Em muitos países da América Latina e do Caribe (ALC), assim como em outras regiões, embora as leis e as regulações referentes à integridade pública sejam geralmente bem elaboradas, ocorre um deficit de implementação. Esse deficit pode ser definido como a diferença entre as exigências da política regulatória de jure e seu cumprimento de facto, ou seja, como as regulações são traduzidas na prática. O que está no papel só tem impacto se provocar uma mudança real nas práticas e comportamentos.
Muitos fatores podem explicar esse deficit de implementação, e é essencial identificar e entendê-los para que os desafios sejam superados. Entre esses fatores, dois são cruciais. Primeiro, a eficácia da implementação pode ser prejudicada pela ausência de uma clara responsabilidade institucional pela integridade pública nas organizações do Estado. Também pode ser difícil provocar efeitos no nível subnacional quando os governos locais não contam com entidades ou unidades dedicadas às políticas de integridade. Segundo, a implementação de políticas de integridade pode ser dificultada pela falta de incentivo à inclusão de objetivos de integridade pública nos planos estratégicos e operacionais das organizações no centro de governo ou nas políticas públicas dos governos subnacionais.
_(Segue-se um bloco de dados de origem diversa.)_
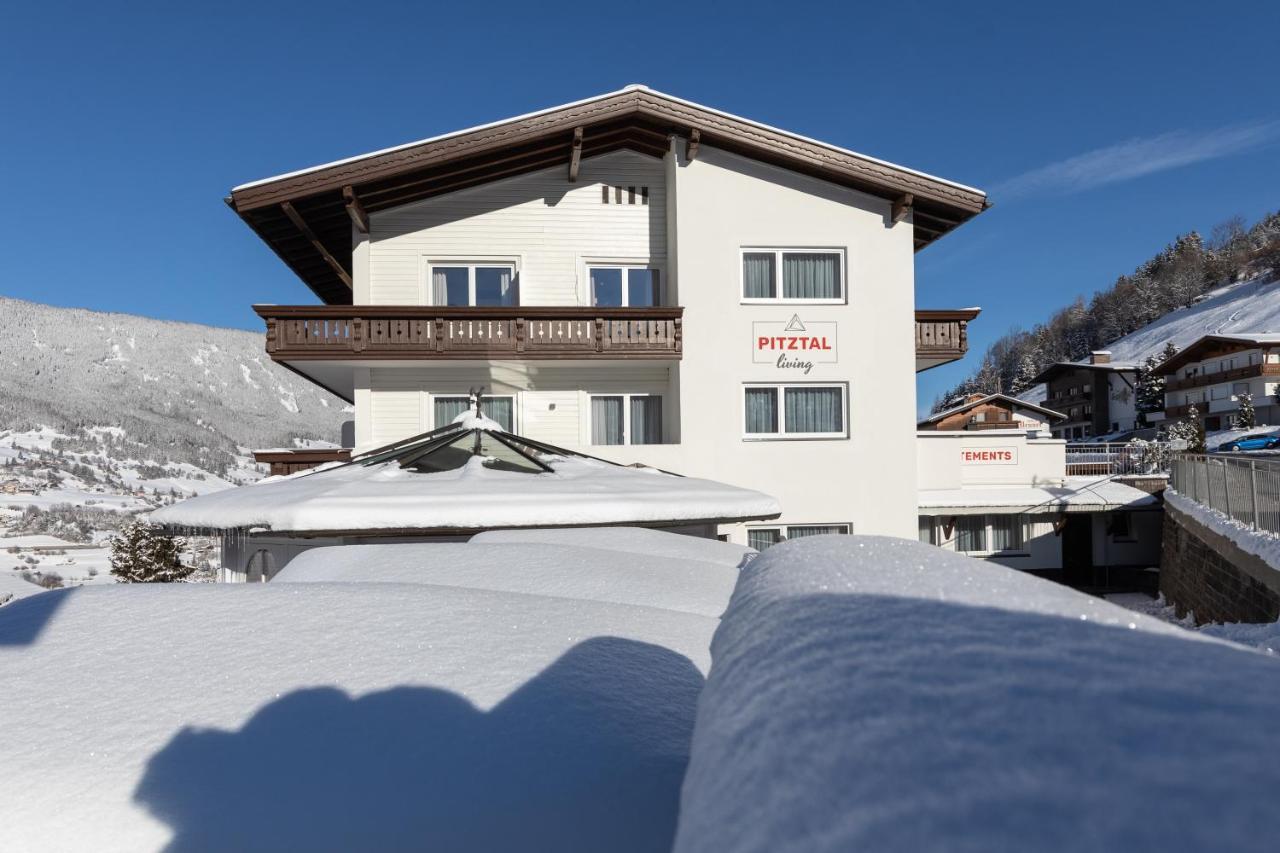 Pitztal Living Aparthotel Jerzens Exterior photo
Embora a integridade seja, em última análise, responsabilidade de todos os indivíduos de uma organização, nas entidades públicas “agentes de integridade” especializados podem desempenhar um papel fundamental na superação do deficit de implementação. A experiência internacional revela o valor de se ter um funcionário ou unidade especializada dedicada ao tema e responsável pela implementação, coordenação e promoção interna das regulações e políticas de integridade. No entanto, apesar do potencial para serem impulsionadores da implementação, a mera existência desses agentes dedicados à integridade não garante que o deficit seja resolvido, pois seu impacto depende fundamentalmente de seus mandatos e responsabilidades, bem como dos recursos disponíveis. De acordo com o Questionário da OCDE sobre Integridade Pública na América Latina (2018), 58% dos países da ALC entrevistados já optaram pela utilização de unidades ou funcionários dedicados à integridade no nível ministerial do governo central. Além disso, no momento da coleta de dados, a Argentina e o Chile estavam no processo de estabelecer essa unidade ou cargo.
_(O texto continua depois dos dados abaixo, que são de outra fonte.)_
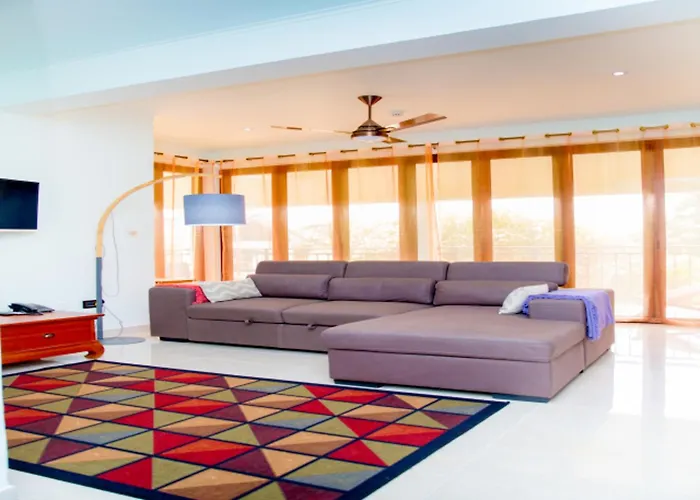 Cozy At The Cape - 68 M² With Mountain View * Au Cap (Mahe)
Embora a integridade seja uma preocupação em todos os níveis do governo, a oportunidade para certos tipos de corrupção pode ser mais pronunciada no nível subnacional. A responsabilidade dos governos subnacionais de prestar grande parte dos serviços públicos, como educação, saúde, segurança/justiça, manejo de resíduos, serviços de utilidade pública, concessão de licenças e autorizações, traduz-se em interações mais frequentes e mais diretas entre as autoridades governamentais e os cidadãos e empresas, o que aumenta o risco de corrupção. Ao mesmo tempo, alcançar efetivamente o nível subnacional e garantir a implementação das políticas nacionais em todos os níveis do governo é um desafio. Atualmente, pouco menos da metade dos países da ALC pesquisados contam com agentes dedicados à integridade que poderiam promover a implementação local das políticas de integridade.
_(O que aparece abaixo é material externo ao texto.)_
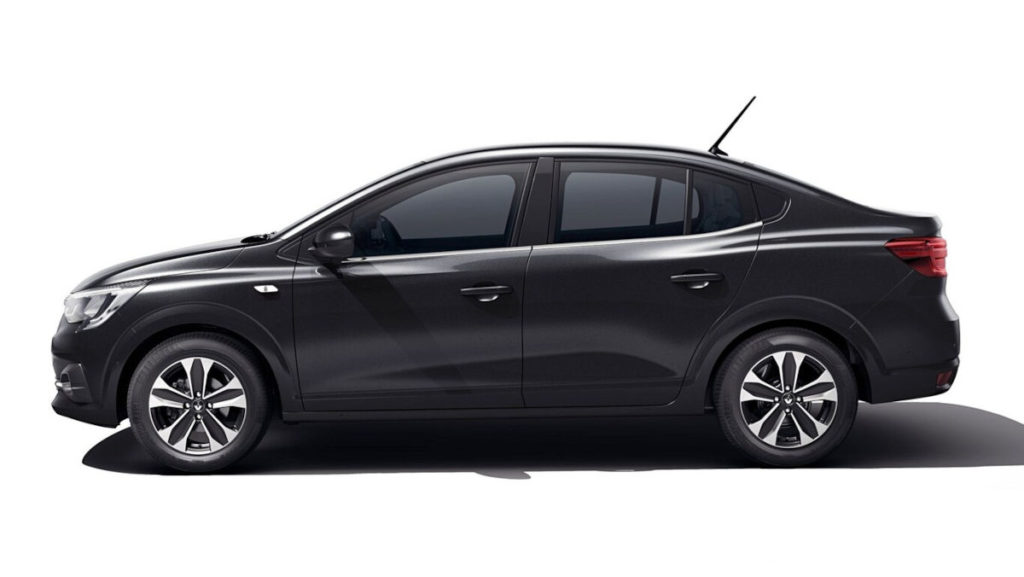 Renault Taliant 2021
Por fim, passar de uma “cultura de casos”, assistemática e reativa, a uma “cultura de integridade”, mais proativa e voltada para a prevenção sistêmica, requer visão, discernimento e presciência e, dessa forma, tanto planejamento estratégico como operacional. Estratégias que comprometam o governo com resultados concretos e ambiciosos, mas viáveis, podem enviar uma mensagem aos cidadãos e funcionários públicos, ao enfatizarem que a promoção da integridade pública é levada a sério. A existência de planos também é essencial para permitir o monitoramento e a avaliação eficazes da implementação das políticas de integridade. O Questionário da OCDE sobre Integridade Pública na América Latina 2018 revela que oito países da ALC tinham uma estratégia nacional, e a Argentina estava no processo de elaboração de uma estratégia que foi adotada após a coleta de dados. Essas estratégias têm mais chances de serem efetivas quando são operacionalizadas nos âmbitos organizacionais e atingem todos os níveis do governo. Dos oito países com uma estratégia, seis exigem que esta seja incorporada aos processos de planejamento organizacional, embora apenas cinco exijam a aplicação no nível subnacional.